The Testament of Ann Lee is an unconventional movie musical, using contemporary arrangements of Shaker hymns and stylized choreography to communicate the passion and immediacy of a  mystical eighteenth-century Christian movement that grew from the Quakers. An illiterate child factory worker in England at the dawn of the industrial revolution, Ann Lee grew to become the revolutionary spiritual mother of a religious community in the “New World” that followed a gospel of union with God, gender equality, and proto-communism. Although the film uses character amalgamations and time compressions to translate the historical events into slightly more than two hours, it is mainly true to the historical record. 
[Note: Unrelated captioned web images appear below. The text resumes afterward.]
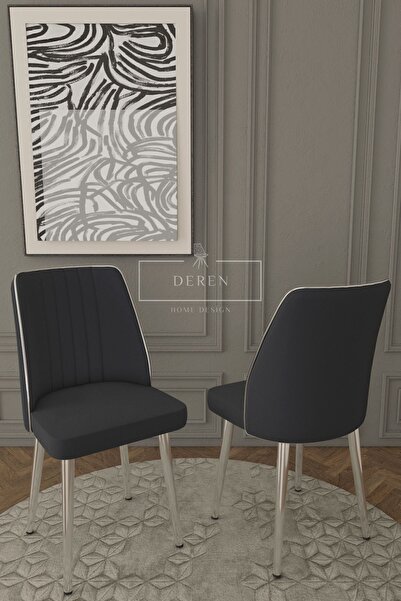 DEREN HOME Parla Serisi 1 Adet Füme Silinebilir Kumaş Mutfak Salon Sandalyesi...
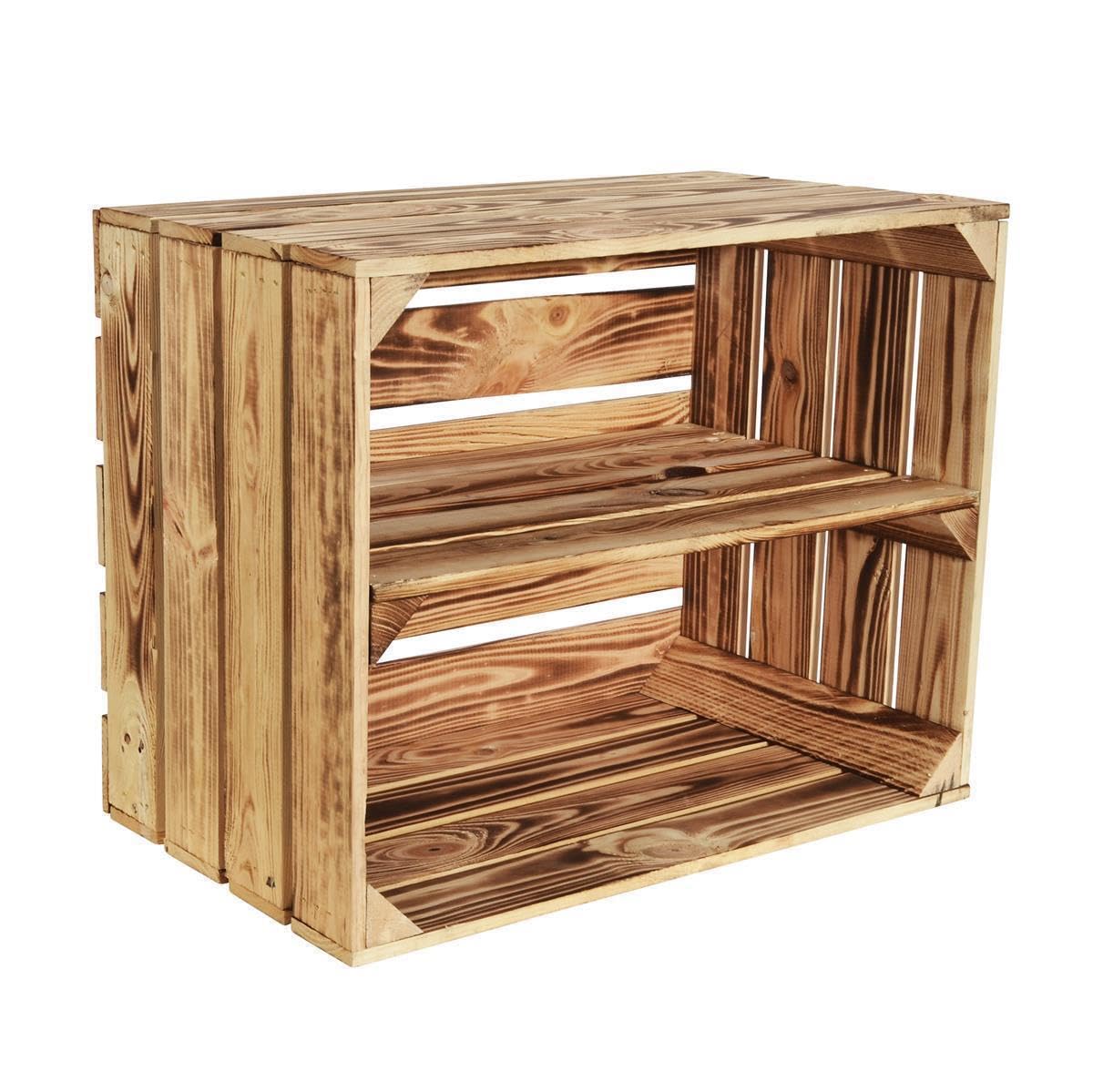 2 Set Geflammte Obstkisten - Lange Ablage 50x40x30cm Holzkisten Weinkisten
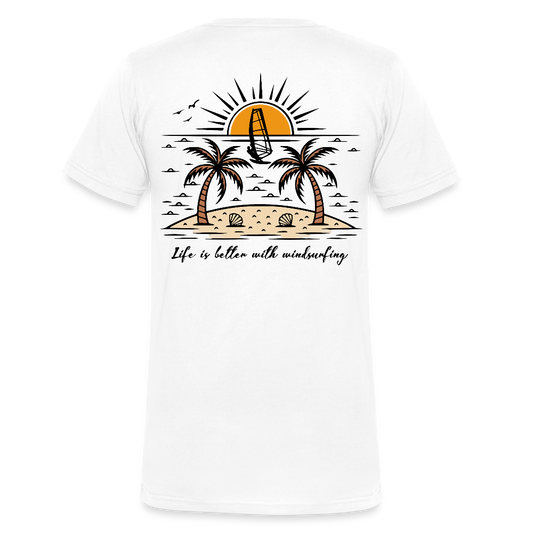 Männer Bio-T-Shirt mit V-Ausschnitt -better life- - Weiß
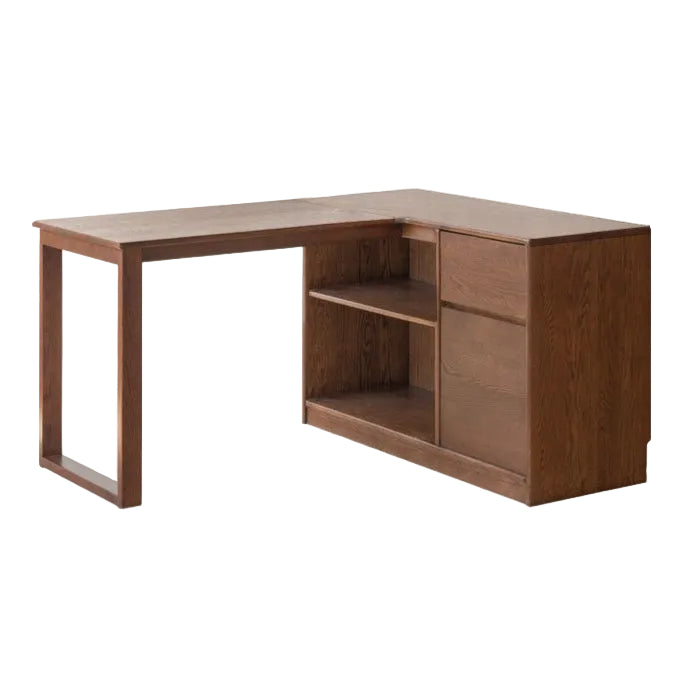 Oak Solid Wood Desk Bookshelf Integrated Corner Table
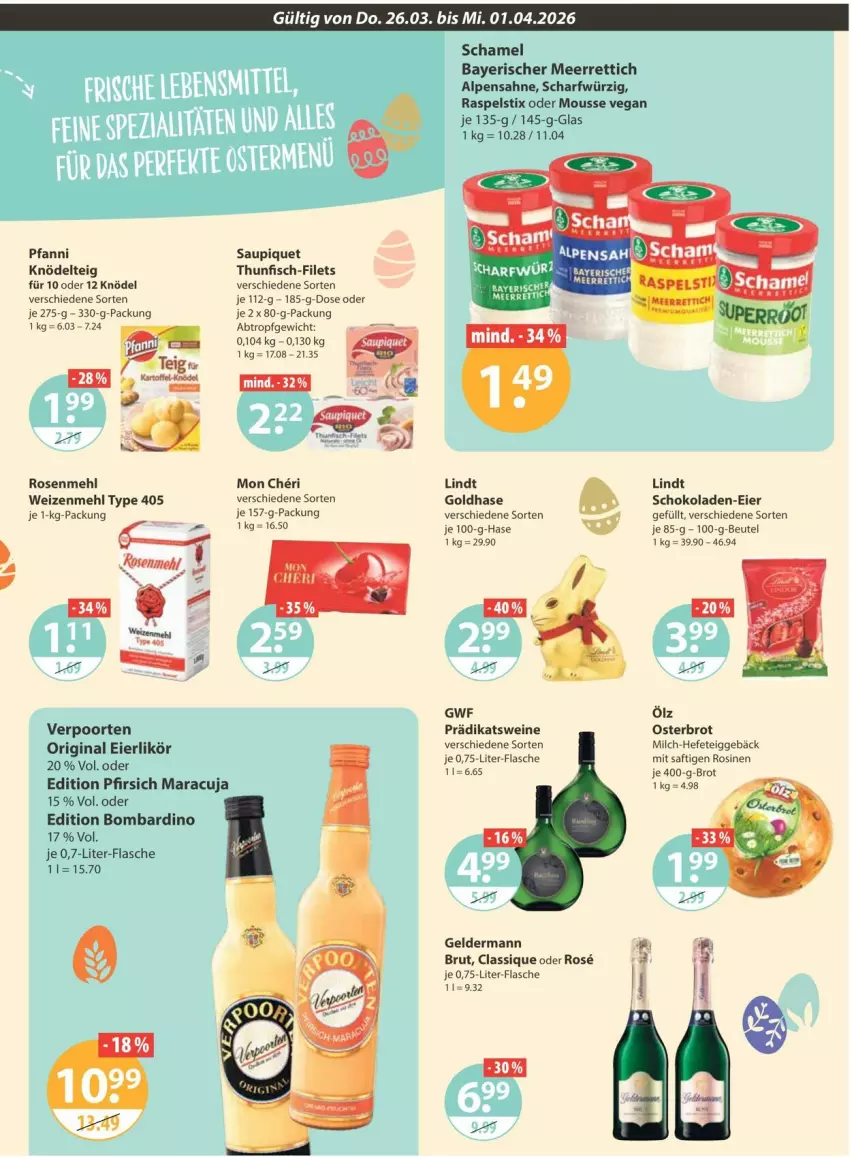 Aktueller Prospekt Vmarkt - Prospekte - von 26.03 bis 01.04.2026 - strona 15 - produkty: beutel, brot, brut, eier, eierlikör, filet, filets, fisch, flasche, geldermann, gin, Hefe, Knödel, Knödelteig, likör, lindt, maracuja, meerrettich, mehl, milch, mousse, pfanni, pfirsich, pfirsich maracuja, Rettich, rosen, Rosenmehl, saft, sahne, saupiquet, schamel, schoko, schokolade, schokoladen, thunfisch, Ti, type 405, verpoorten, wein, weine, weizenmehl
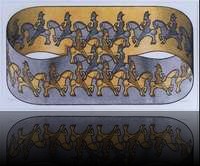 Cavaliers (gravure sur bois de fil en 3 coul. - 240x450 - 1946)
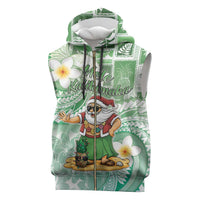 Hawaii Mele Kalikimaka Sleeveless Zip Hoodie Hula Santa Retro Style Green - Polynesian Pride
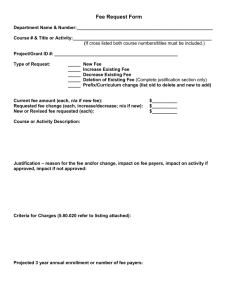 Fee Request Form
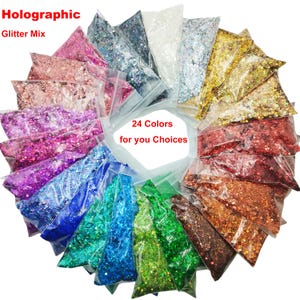 Holographic Laser Chunky Glitter Mix Hexagon Flake Shape Sequin,24Color Cosmetic Nail Glitter for DIY Nail Art,Body,Makeup,Craft,Face,Slime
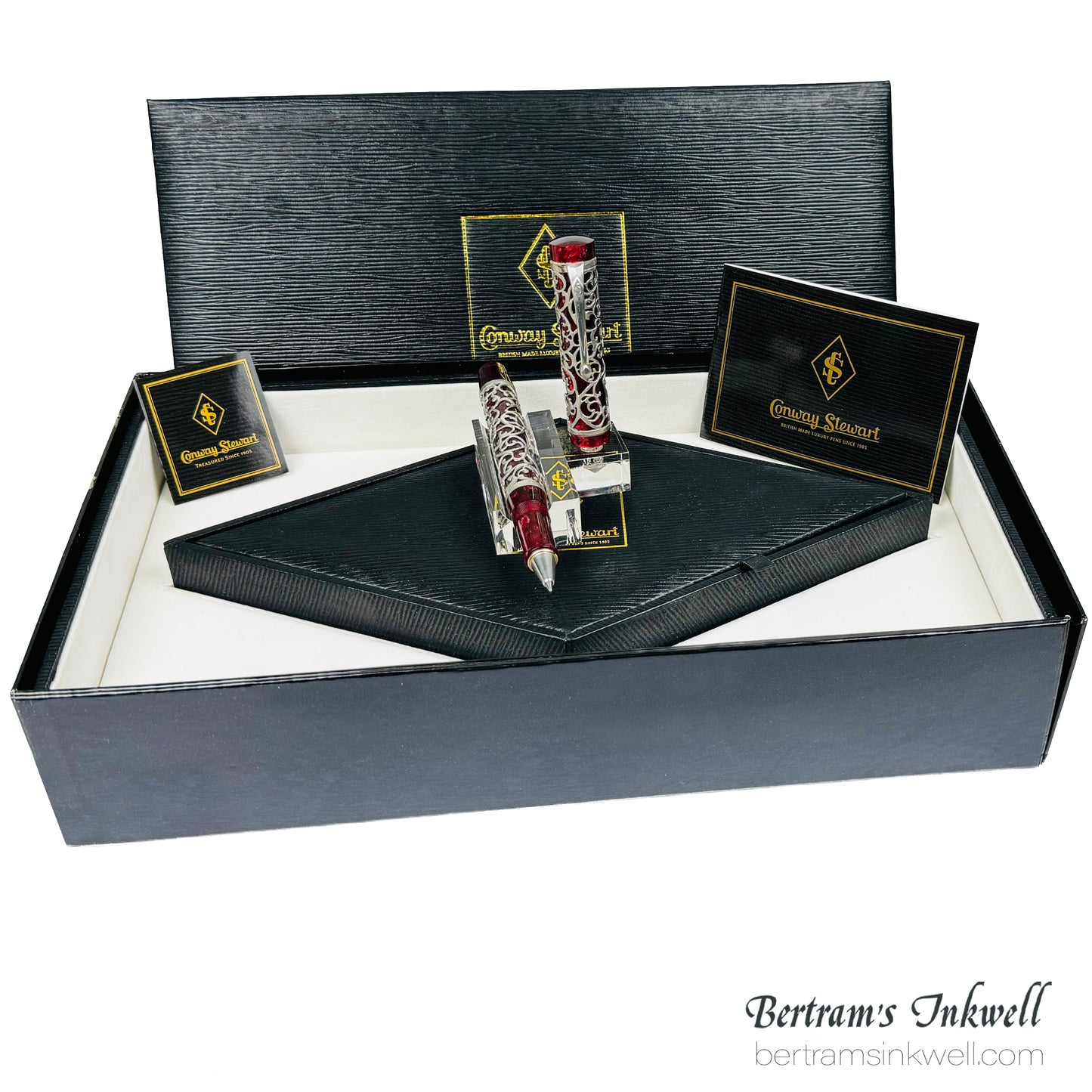 Conway Stewart Sterling Silver Henry Simpole Chatsworth Burgundy Blush Limited Edition Rollerball, 2007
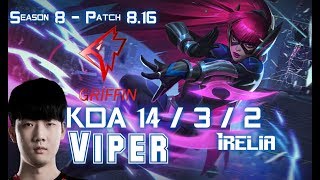GRF Viper IRELIA vs SWAIN Bot - Patch 8.16 KR Ranked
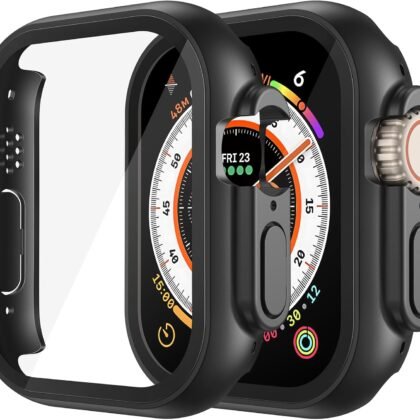 Misxi 2 Pack Hard PC Case Built in Tempered Glass Compatible with 49mm Apple Watch Ultra 3 (2025) / Ultra 2 / Ultra, Thin Protective Case with Screen Protector for iWatch, Shockproof Cover with Button, Black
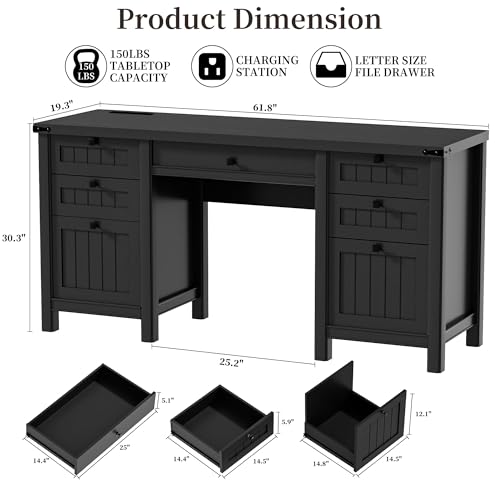 62-Inch Farmhouse L-Shaped Desk with File Cabinet and Power Outlets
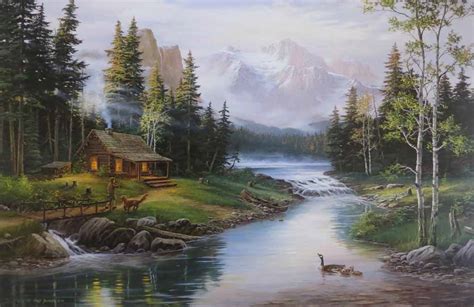 Cabin By The Lake Painting at PaintingValley.com | Explore collection ...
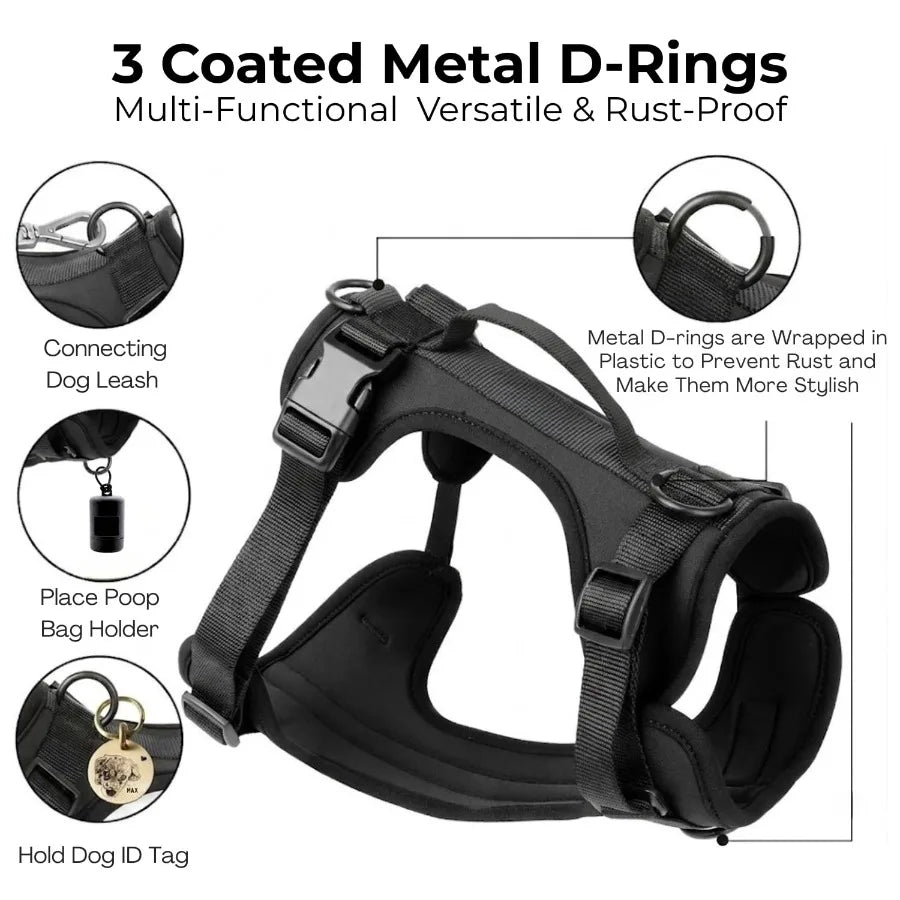 Adjustable Dog Harness with Lift Handle, Soft PVC Breathable Pet Vest S, Black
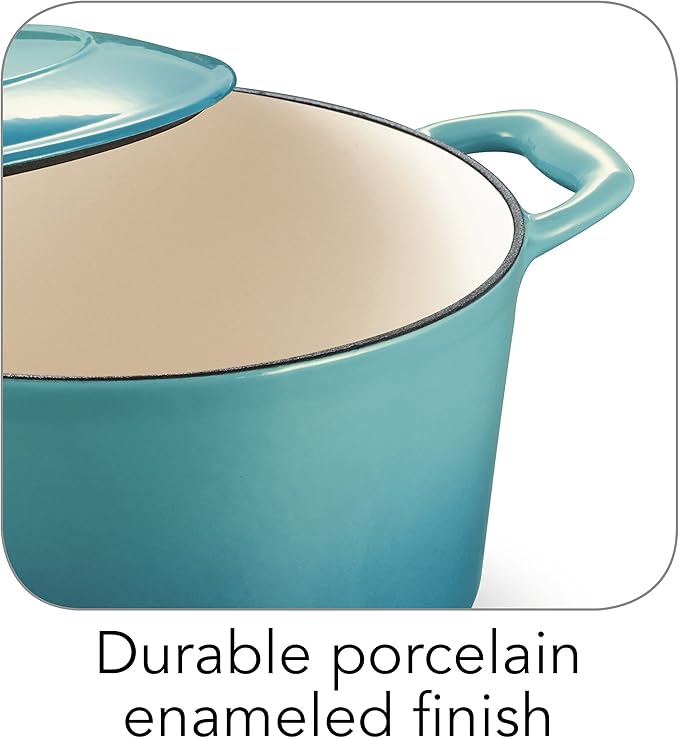 Tramontina Bestow Enameled Cast Iron 5.5-Qt Round Dutch Oven Pot with Lid | Great for Braising, Roasting and Bread Baking - Medium Blue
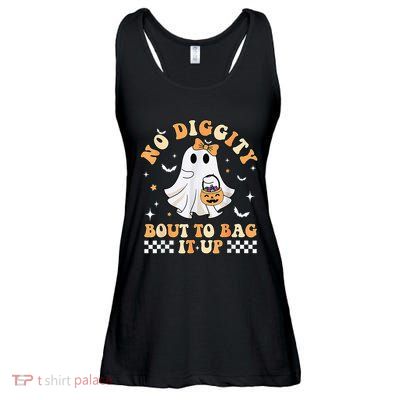 Funny Ghost No Diggity Bout To Bag It Up Spooky Halloween Ladies Essential Flowy Tank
The deeper I dug, the more treasures I uncovered. By centering Shakerism’s spiritually ecstatic music and dance, The Testament of Ann Lee presents the audience with a religious experience, a sensual encounter with the Divine that is purer and truer than any of our inadequate attempts to translate it into language. And while this spirit-filled emotionalism won’t be for everyone, for those that it touches, it touches deeply.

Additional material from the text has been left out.